● YOUR GOAL
Write out the entries below exactly, but only from the line containing "The Division 2: Lady death build" through the line containing "iPhone 14 Pro Case Hülle - Surf Paradise", and without the pictures.

● LISTED RECORDS
=====

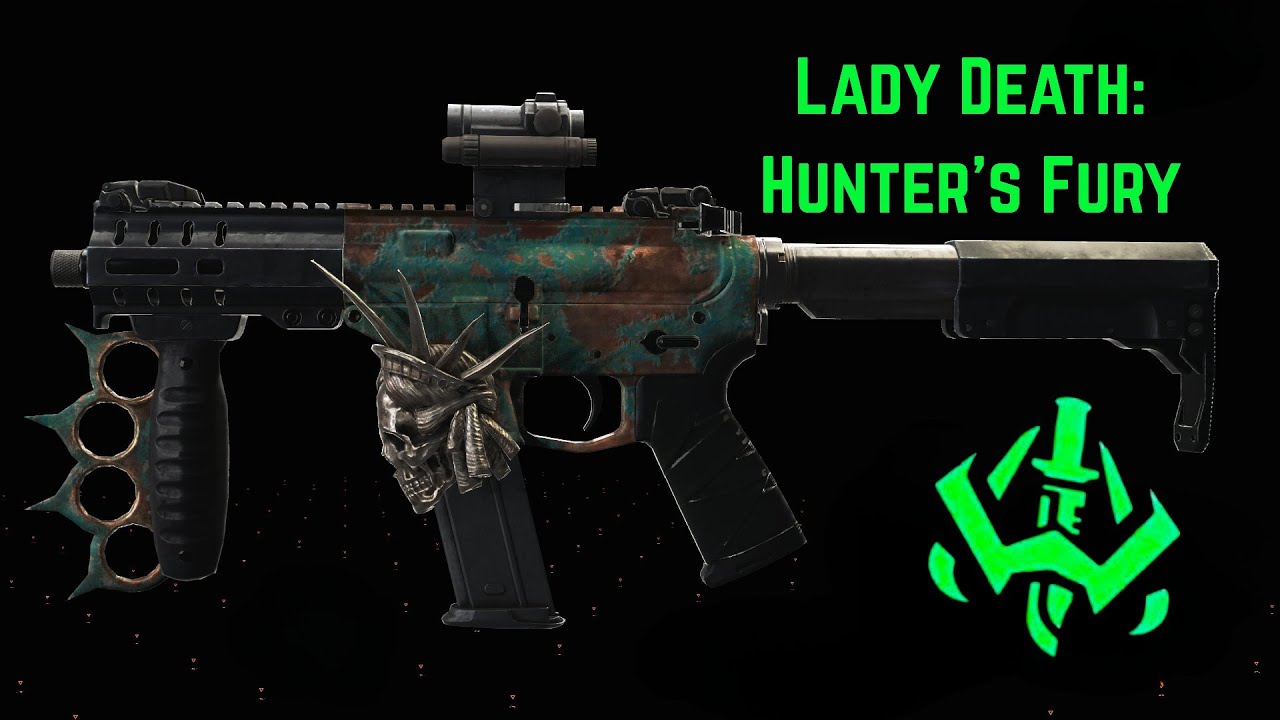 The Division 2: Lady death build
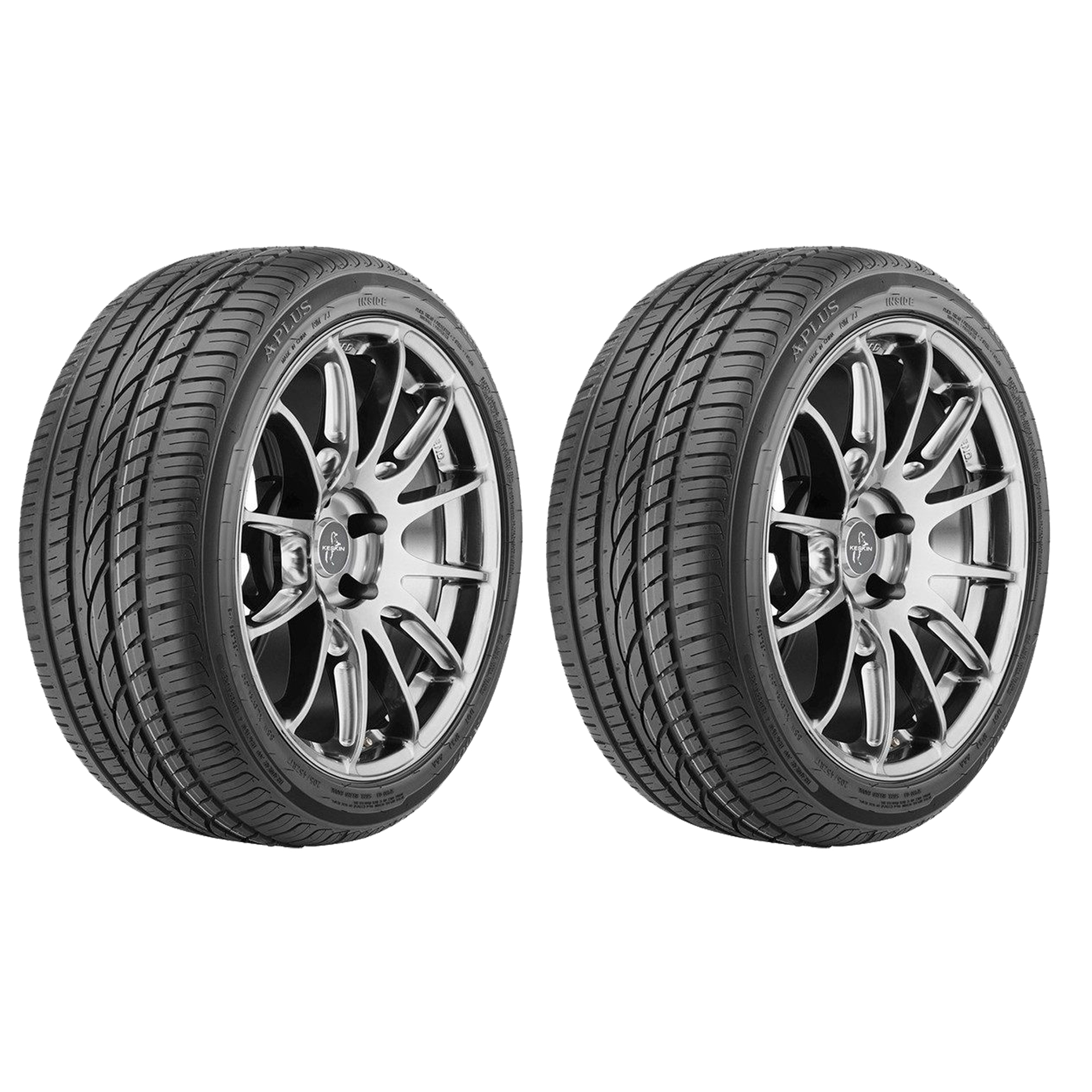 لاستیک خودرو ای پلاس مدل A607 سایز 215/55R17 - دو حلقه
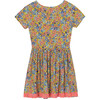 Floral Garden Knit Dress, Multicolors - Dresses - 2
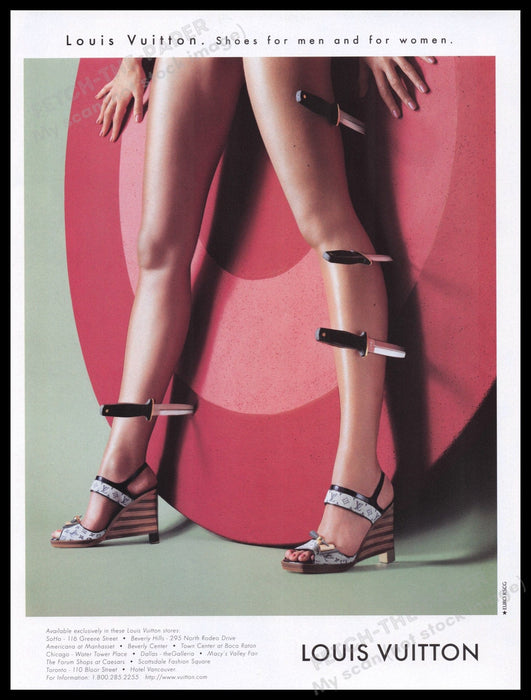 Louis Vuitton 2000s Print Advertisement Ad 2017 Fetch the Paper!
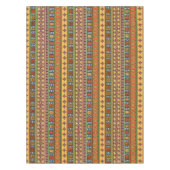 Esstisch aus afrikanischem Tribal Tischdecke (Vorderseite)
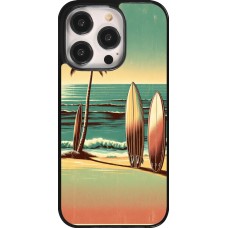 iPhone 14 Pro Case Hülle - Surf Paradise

=====

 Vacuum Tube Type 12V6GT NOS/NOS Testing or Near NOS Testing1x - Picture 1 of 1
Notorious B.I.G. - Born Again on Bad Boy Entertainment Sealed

=====

● RESULT BELOW
 The Division 2: Lady death build
 لاستیک خودرو ای پلاس مدل A607 سایز 215/55R17 - دو حلقه
 Floral Garden Knit Dress, Multicolors - Dresses - 2
 Louis Vuitton 2000s Print Advertisement Ad 2017 Fetch the Paper!
 Esstisch aus afrikanischem Tribal Tischdecke (Vorderseite)
 iPhone 14 Pro Case Hülle - Surf Paradise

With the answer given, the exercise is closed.